→ **Requirement**: In the records below, find the line with "WMNS NIKE BENASSI", then copy each line exactly until you have copied the line with "CALOFE Baby Sleeping". Leave any picture out.

[Data provided — start]

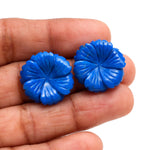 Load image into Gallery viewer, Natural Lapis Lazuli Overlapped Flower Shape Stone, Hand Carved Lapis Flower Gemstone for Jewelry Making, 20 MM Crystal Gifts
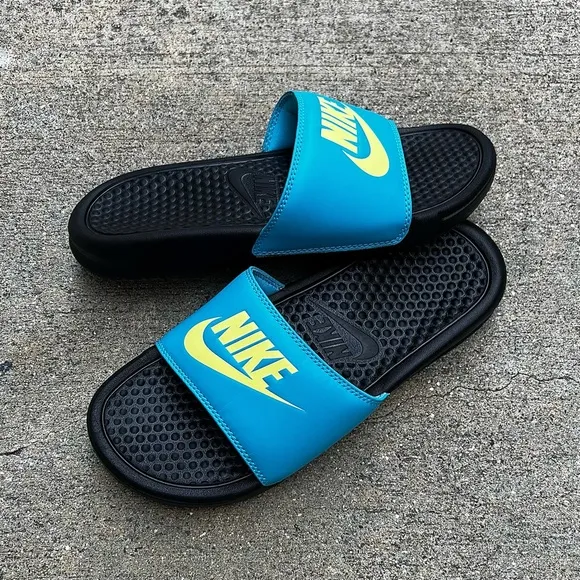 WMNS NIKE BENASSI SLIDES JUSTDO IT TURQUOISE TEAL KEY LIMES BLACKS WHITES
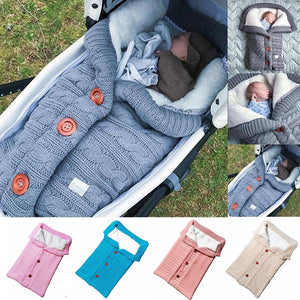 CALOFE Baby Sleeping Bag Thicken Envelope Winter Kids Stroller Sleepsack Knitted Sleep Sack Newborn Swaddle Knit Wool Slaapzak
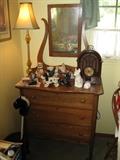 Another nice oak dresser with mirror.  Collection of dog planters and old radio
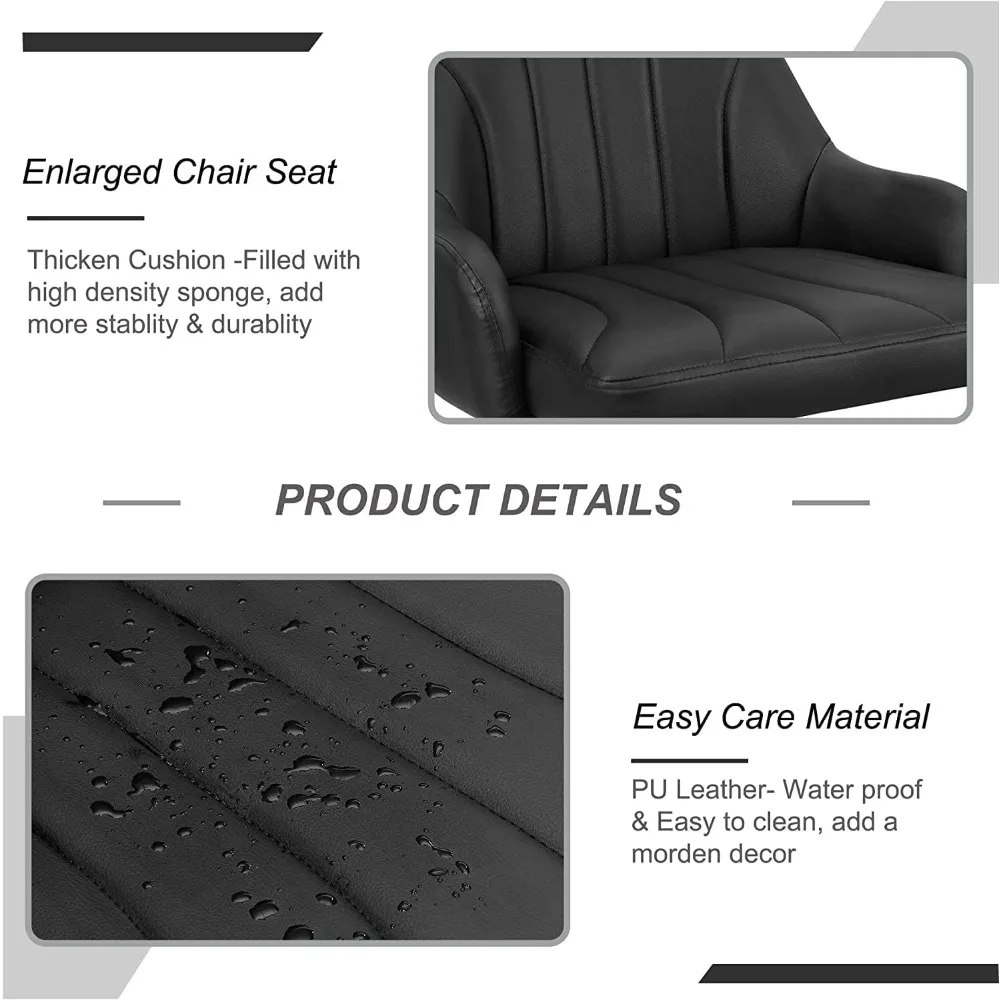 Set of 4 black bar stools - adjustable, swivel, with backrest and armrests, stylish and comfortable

[Data provided — finish]

→ **Finished task**:
 WMNS NIKE BENASSI SLIDES JUSTDO IT TURQUOISE TEAL KEY LIMES BLACKS WHITES
 CALOFE Baby Sleeping Bag Thicken Envelope Winter Kids Stroller Sleepsack Knitted Sleep Sack Newborn Swaddle Knit Wool Slaapzak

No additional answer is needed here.